Der Ansatz müsste deshalb vielmehr in eine ganz andere, auf Freiwilligkeit basierende Richtung gehen. Dass dies dem Zeitgeist eines bevormundenden Staates zuwiderläuft, ist leider wahr, trotzdem sollten sich die freiheitlichen Kräfte in unserem Land zusammenraufen.
Ich schlage deshalb vor, dass der Staat dafür besorgt ist, dass Programme, die wirksam das Aufpoppen von pornografischen Seiten verhindern, bekannt gemacht werden. Er soll also dafür sorgen, dass alle Eltern, auch solche, die technisch wenig affin sind, den «grünen Knopf» finden, den sie auf dem Handy und dem Laptop ihrer Kinder installieren können. Hier würde die Schule im Sinne eines echten Jugendschutzes eine tragende Rolle spielen und die Eltern bei der Einrichtung und der Handhabe unterstützen.
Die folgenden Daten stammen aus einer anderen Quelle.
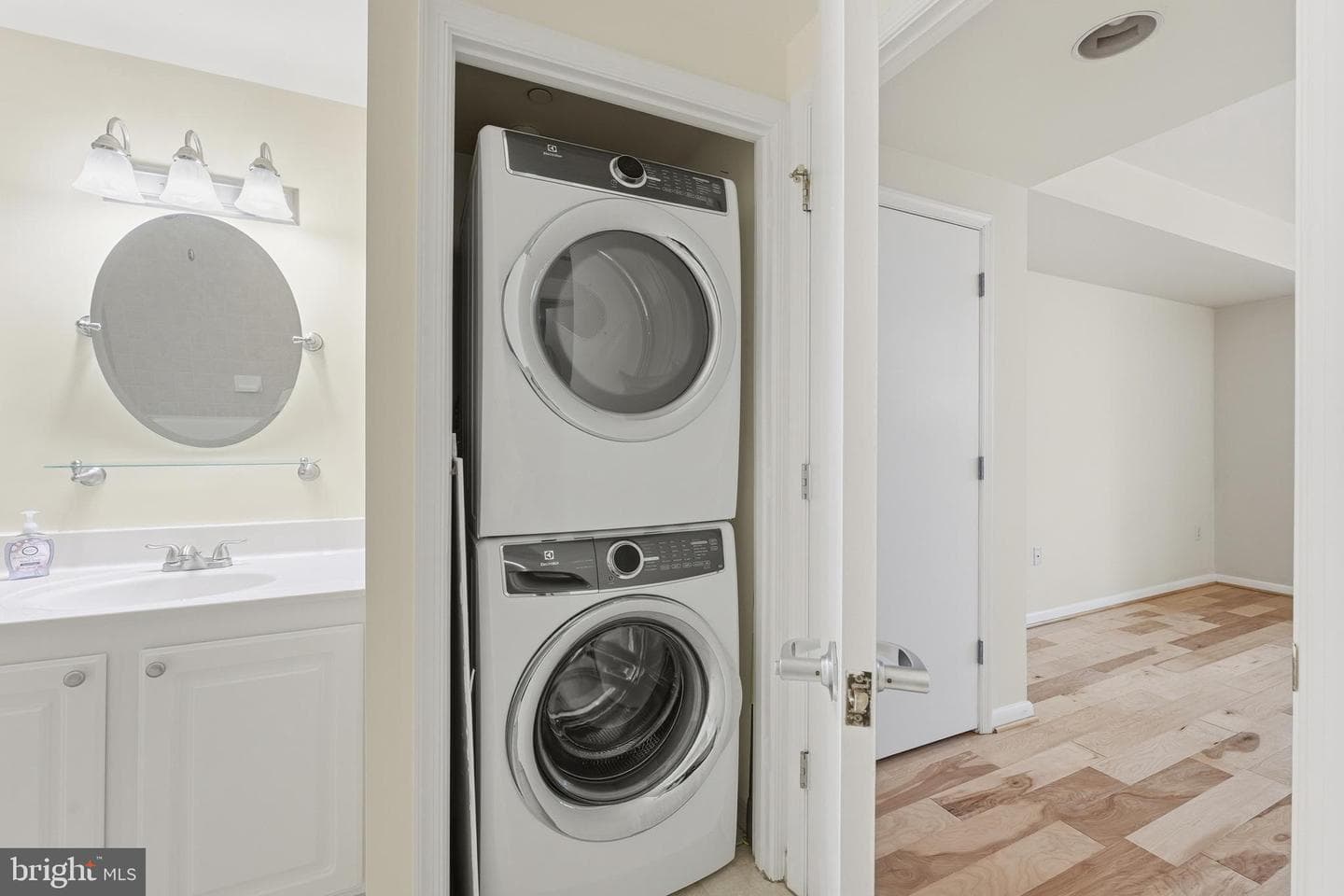 355 I Street SW #116 photo 11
Gleichzeitig können auch Erwachsene, die froh um einen solchen «Knopf» wären, ein Schutzprogramm herunterladen und den Schutz mit einem Passwort, das zum Beispiel ein guter Freund oder der Ehepartner allein kennt, schützen. Somit wäre all jenen geholfen, die Pornografie konsumieren, es aber im Sinne einer Abhängigkeit eigentlich gegen ihren Willen tun. Und der grosse Vorteil dabei: Der Bürger geht diesen Schritt freiwillig, ohne Zwang von Vater Staat.
Dass es solche Schutzprogramme jetzt schon gibt, ist noch zu wenigen Menschen bekannt. Convenanteyes ist zum Beispiel ein solches Programm. Dies bekannt(er) zu machen, wäre eine Initiative, die – gerade weil sie nicht auf Zwang und Datenabsaugen setzt – unserem immer stärker in das Leben des einzelnen hineinregierenden Staat gut anstehen würde.
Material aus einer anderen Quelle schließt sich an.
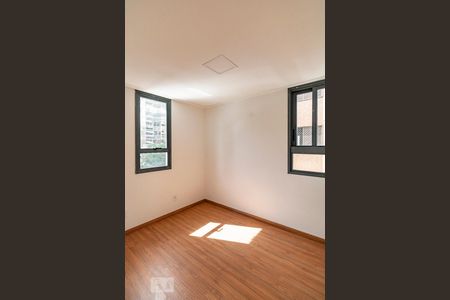 Quarto de apartamento para alugar com 2 quartos, 54m² em Funcionários, Belo Horizonte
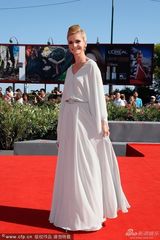 组图：《警官之妻》首映 双胞胎小萌娃亮相抢镜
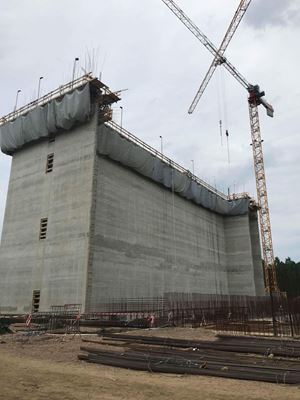 Bionerga wint spoedprocedure voor Raad van State en bouwt in 12 dagen tijd 36 meter hoge afvalbunker in Beringen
Es wäre auch möglich, dass der Bund einer versierten Schweizer Firma den Auftrag zur Entwicklung eines eigenen Programms erteilt. Das wäre wahre Prävention und wahrer Jugendschutz – kombiniert mit Wirtschaftsförderung. Der Staat beziehungsweise in diesem Fall die Kantone und die Schulen könnten dann mit dieser Firma eine Partnerschaft eingehen und dafür sorgen, dass dieser Schutz auf allen Geräten der Schüler installiert würde.
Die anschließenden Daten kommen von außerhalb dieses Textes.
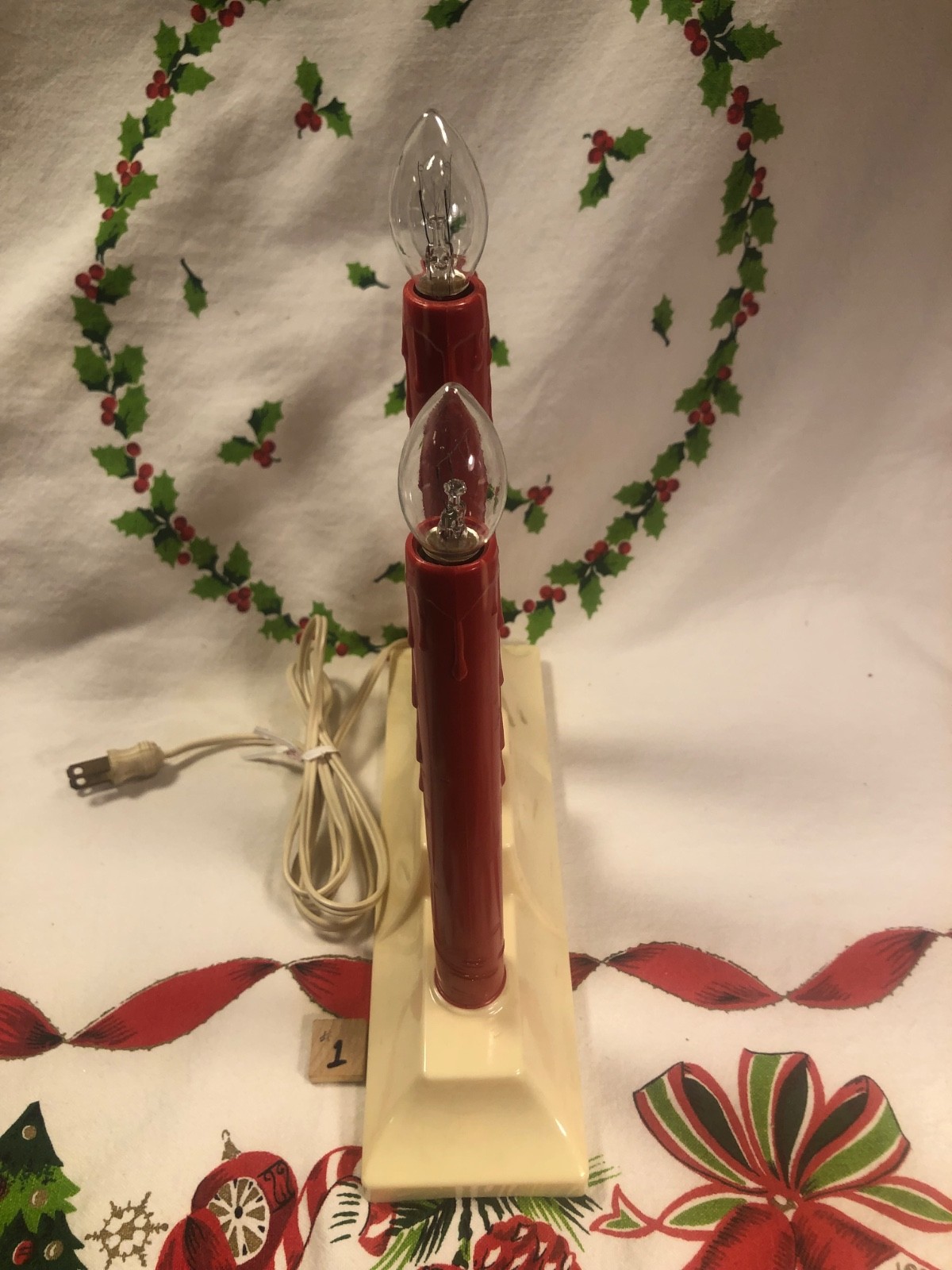 Vintage Christmas~Lighted Window Candolier~3 Red Candles~Unique~ Gem Electric #1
Eltern, die einen anderen Weg wählen und mehr auf Eigenverantwortung ihrer Kinder setzen, würden auch respektiert, denn immerhin liegt die Haupterziehungsverantwortung – zumindest momentan noch – bei Mutter und Vater.
Und schliesslich würde mit einer solchen pragmatischen, aber sehr effektiven Lösung Big Tech nicht an noch mehr hochsensible Daten herankommen. Es wäre ein erster Schritt weg vom gläsernen zum mündigen Bürger.
Jérôme Schwyzer (38), Präsident des Lehrernetzwerks Schweiz, ist Vater zweier schulpflichtiger Töchter und ausgebildeter Sekundarlehrer.
Wir danken dem Autor für die Veröffentlichung des Artikels. Gastbeiträge müssen nicht zwangsläufig die Sichtweise der Redaktion widerspiegeln.
Ich finde, hier gäbe es eine sehr viel einfachere Möglichkeit: Provider sollen, meinetwegen staatlich verpflichtet, die Möglichkeit bieten, in jedem Hausnetz unkompliziert ein zusätzliches gefiltertes WLAN einzurichten, ähnlich dem, was Swisscom und andere in Schulen bereitstellen. Voilà.
Und das alles ohne auch noch einer zusätzliche private Firma, am Ende gar noch eine von Übersee, den gesamten Netzverkehr zu übermitteln.
Ich bin auch gegen eine Lösung, die den Kontrollstaat normalisiert. So etwas wie was LonelyLoon schlägt vor, wäre einen Schritt in der richtigen Richtung.
Nun, mit dem Pornokonsum, ist die Schade nicht nur an sich selbst, sondern an den eigenen Umgebung und Familie (es ist sogar ein wichtiges Faktor für die Ehescheidung!), und auch an allen die Männer und Frauen, die bei dieser Industrie tätig sind, oft wegen eine schwierige Finanzlage, wenn nicht wegen Opfer-Sein von Menschenhandel!
Wenn eine Gesellschaft so etwas erlaubt, dann muss sie auch die Konsequenzen dafür zahlen, inklusiv die Schaden an die eigenen Kinder! Es ist nicht umsonst, dass Gott die Menschheit von der Unzucht warnt (auf grieschisch: porneia), und wie es steht in der Bibel: “Irrt euch nicht: Gott lässt sich nicht spotten! Denn was der Mensch sät, das wird er auch ernten.”